Upon which Bell gives them no likable personality traits and makes them spout terrible dialogue like “Girl has got body karate going on.”, and “Let’s butter this muffin”. How can we root for characters whom are basic morons? Perhaps it’s Bell’s allusion that gamers in general, are morons. Not that hard to believe, when you think about it. The characters that are supposed to die die. But the main characters are never offed until it’s convenient to the story. And they’re killed in some rather stupid fashions. One of them is run over by a horse and carriage, another is hung upside down and has her throat slashed (sans the blood) thanks to a monster that is ridiculously fail safe. Elizabeth Bathory, Bloody Mary—the same stock monster you always get with these low-tech horror films.

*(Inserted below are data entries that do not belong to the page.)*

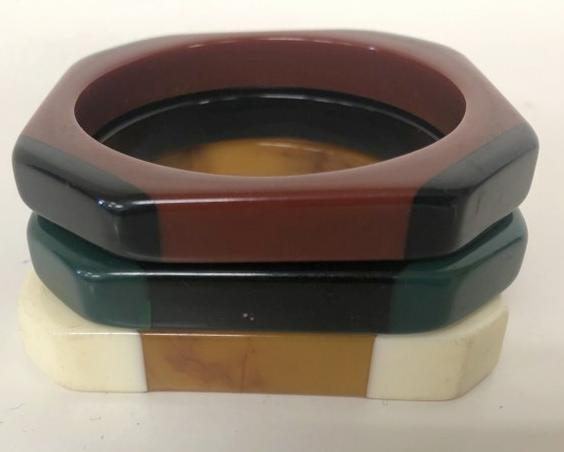 BAKELITE (3) VINTAGE BRACELETS, GREEN & BLACK, RED & (1 of 4)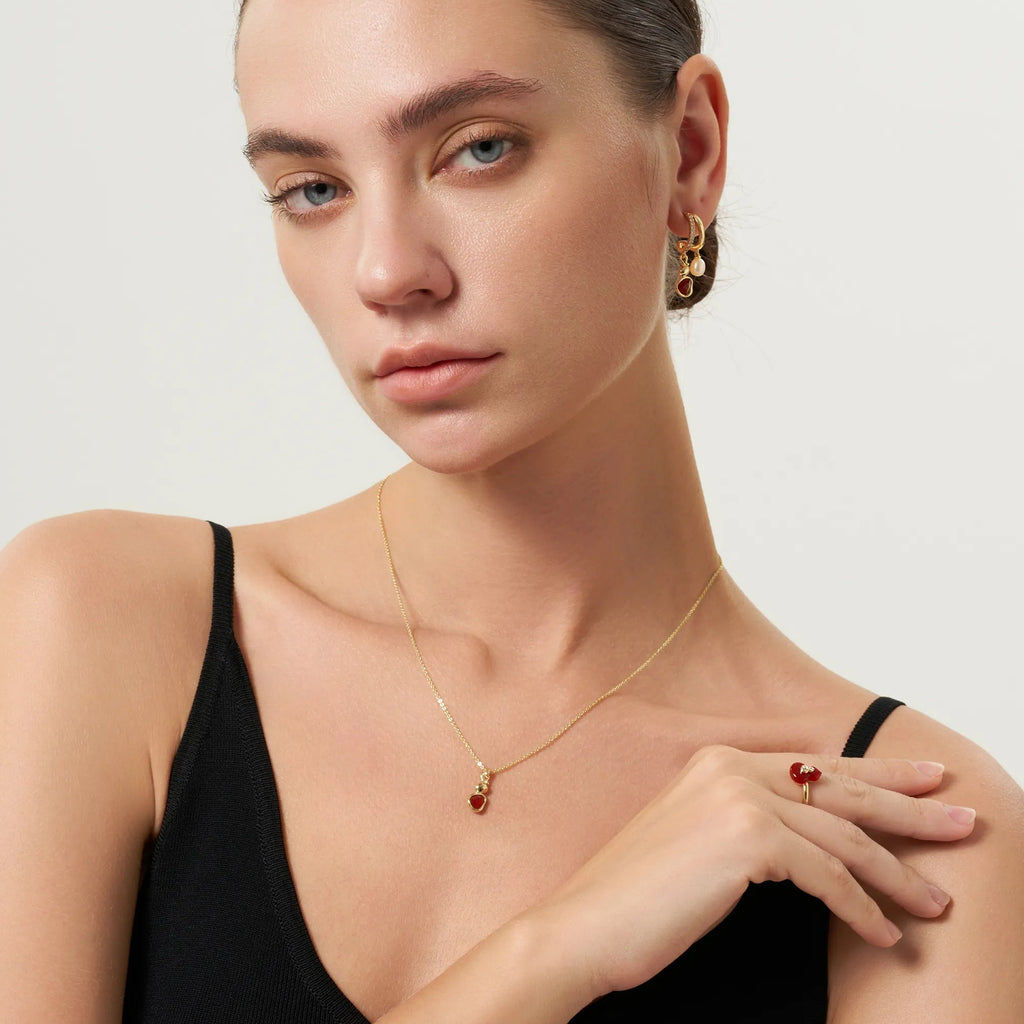 Wulu Red Agate Necklace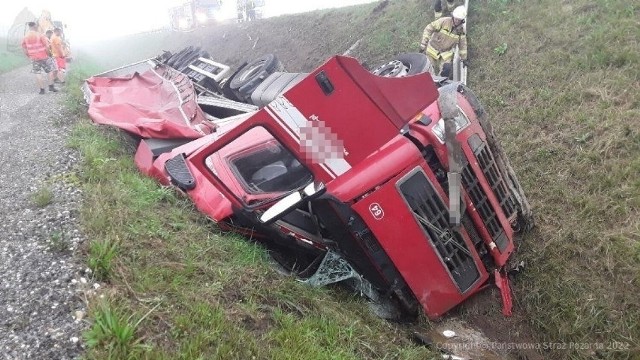 Do wypadku doszło w środę, 24 sierpnia, około godziny 6 .30 na autostradzie A1 w okolicach Radomska.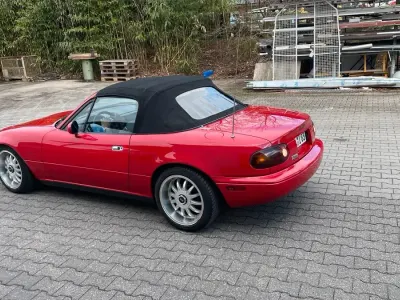Gebraucht Mazda MX5 115 PS (84 kW) 1990 Rot Cabrio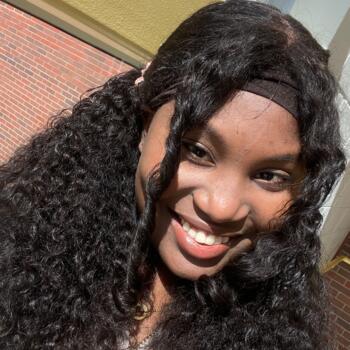 Baby-sitter in Winnipeg: Rihanna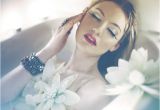 Bathtub Pose 355 Best Graphy Poses Bathtub Pool Images On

Oddly enough, Bell never gets a full grasp on his own concept, which reflects rather strongly on-screen. Seriously, Bell, answer me something: does the game kill you when you die on the game? Does the game kill you because you have it in your possession? Or does the game kill you period because you played it? Which is it? Oh no—Hutch declares—“Maybe, there aren’t any rules”. How lazy. Furthermore, how can the demon control forces beyond the game’s realm? What was the hinted connection between Hutch and the game all about again? How convenient the Goth chick knows the demon’s back story. How convenient the Goth chick has the right literature that tells them how to kill the demon. How odd the cops assume Hutch is in on the killings despite having zero evidence to convict him, and no reason to blame him.

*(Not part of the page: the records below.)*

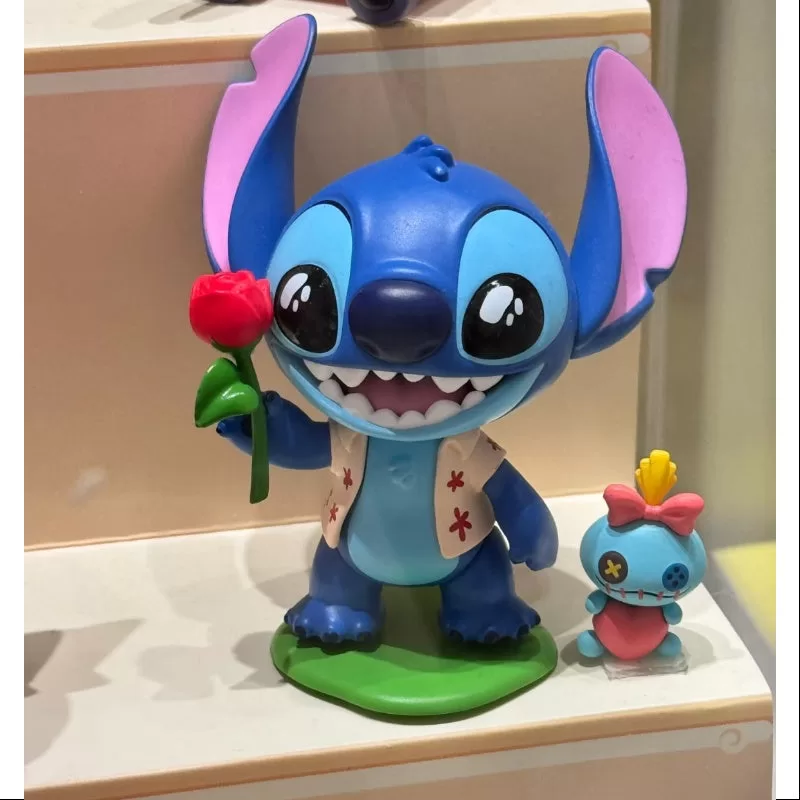 Serie Disney Stitch en una cita ofreciendo flores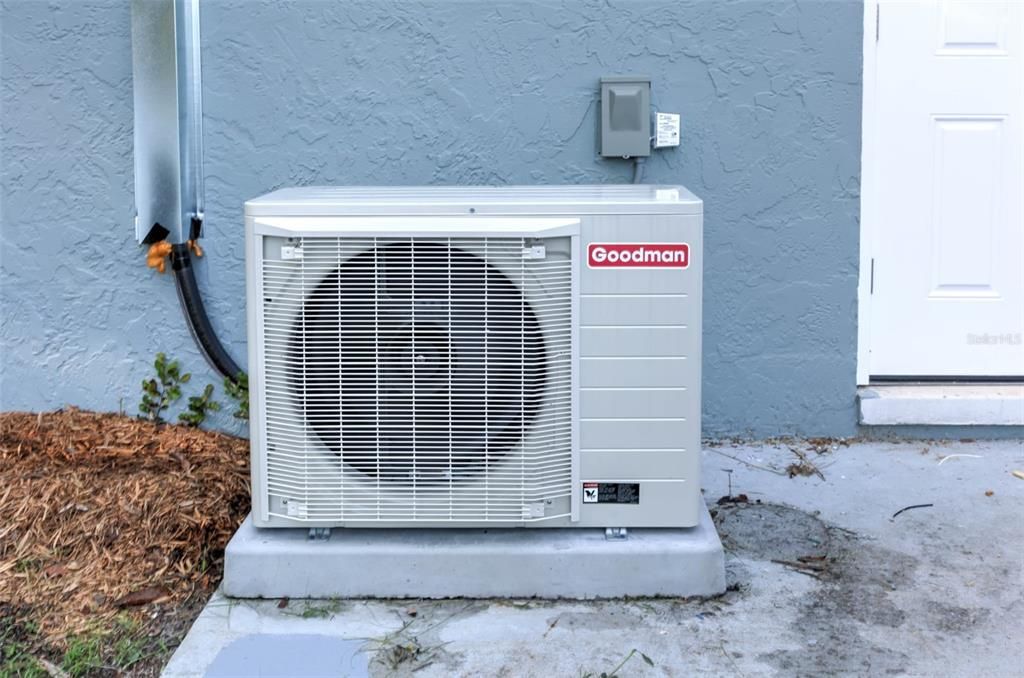 Active With Contract: $270,000 (3 beds, 2 baths, 1556 Square Feet)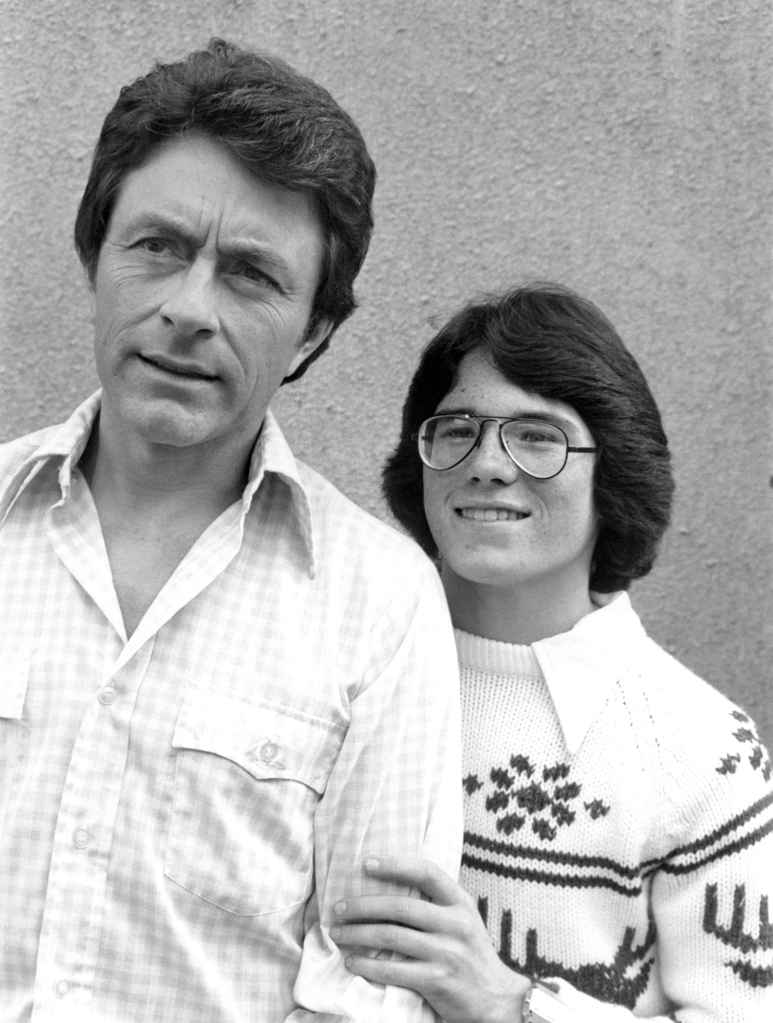 Bill Bixby and Brandon Cruz on the set of The Incredible Hulk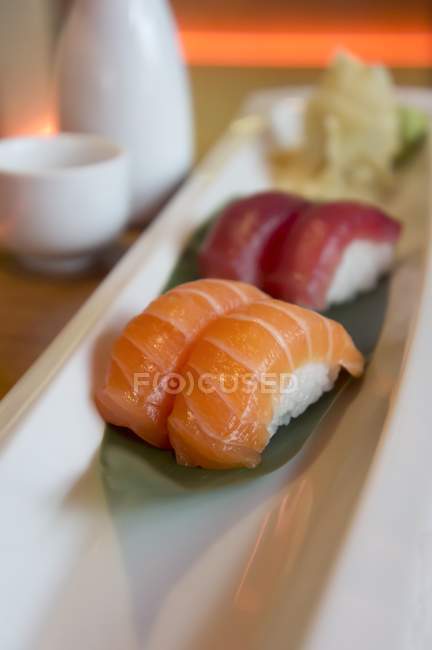 Sushi nigiri con salmón y atún - foto de stock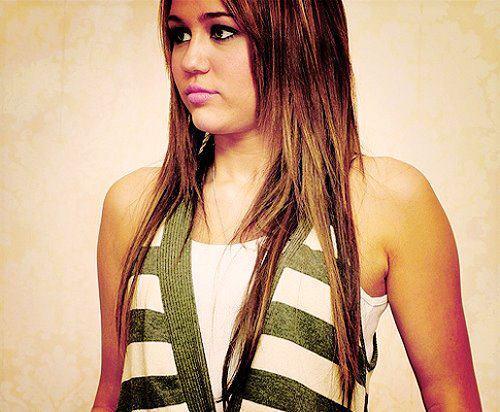 403082_268624399862954_108268369231892_792505_1752320299_n - miley cyrus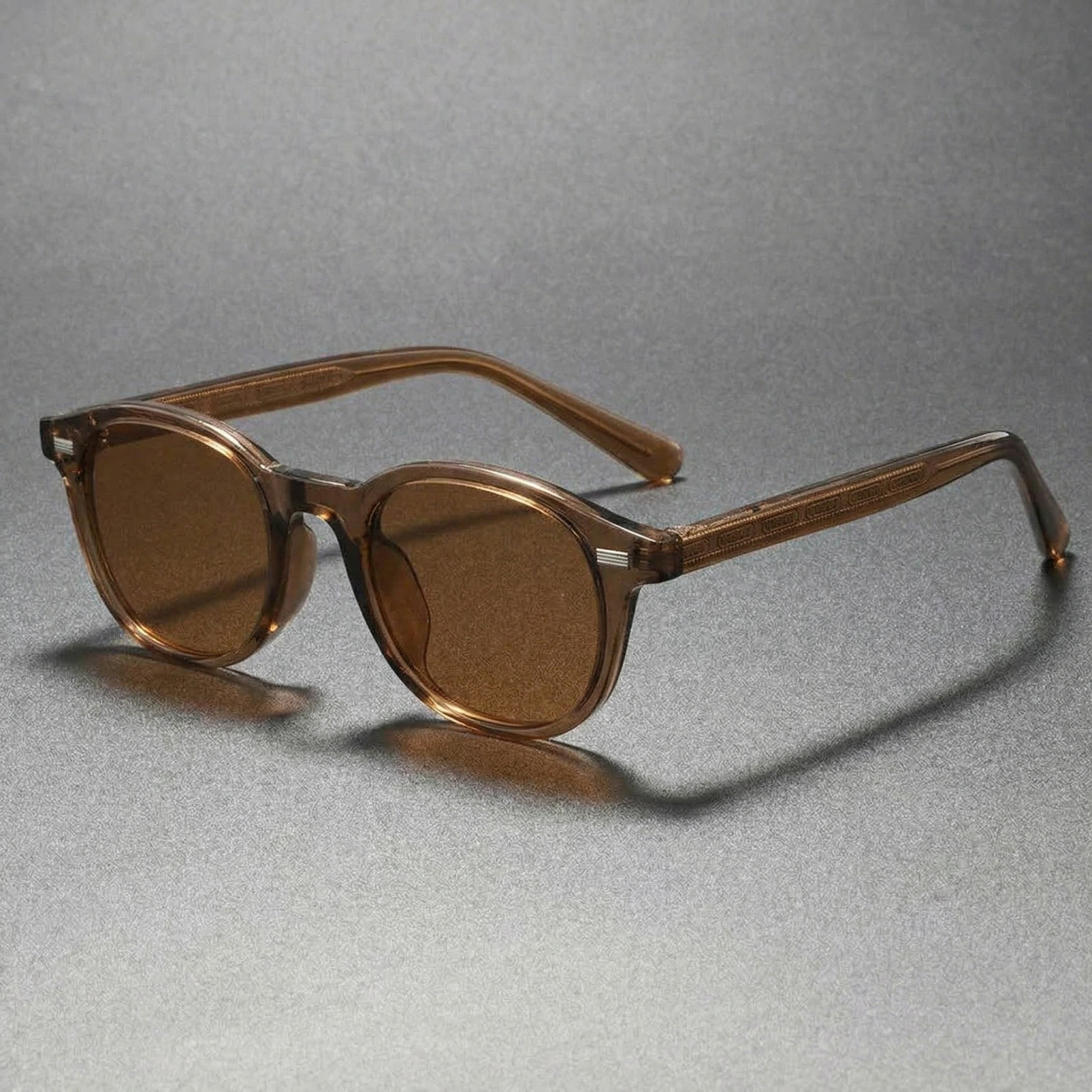 Men's Classic Wayfarer Sunglasses with Tortoiseshell Frame and Polished Finish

And most insultingly, Bell is incredibly dependent on the dues ex machina’s, the sudden devices that appear miraculously from nowhere to save the character’s lives which he throws at us at an almost rapid fire pace, and it just speaks of how lazy the screenplay is. Especially, the ridiculous plot twist involving a laptop, and an obvious product placement in the climax. No, wait–I know what the moral of this movie was: “Horror fans and gamers are suckers”. I can just hear the studio execs now: “Prepare another slosh pile for the troth, they’ll come either way.” Prepare to eat up the next trash pile, horror fans, take the abuse, bitch.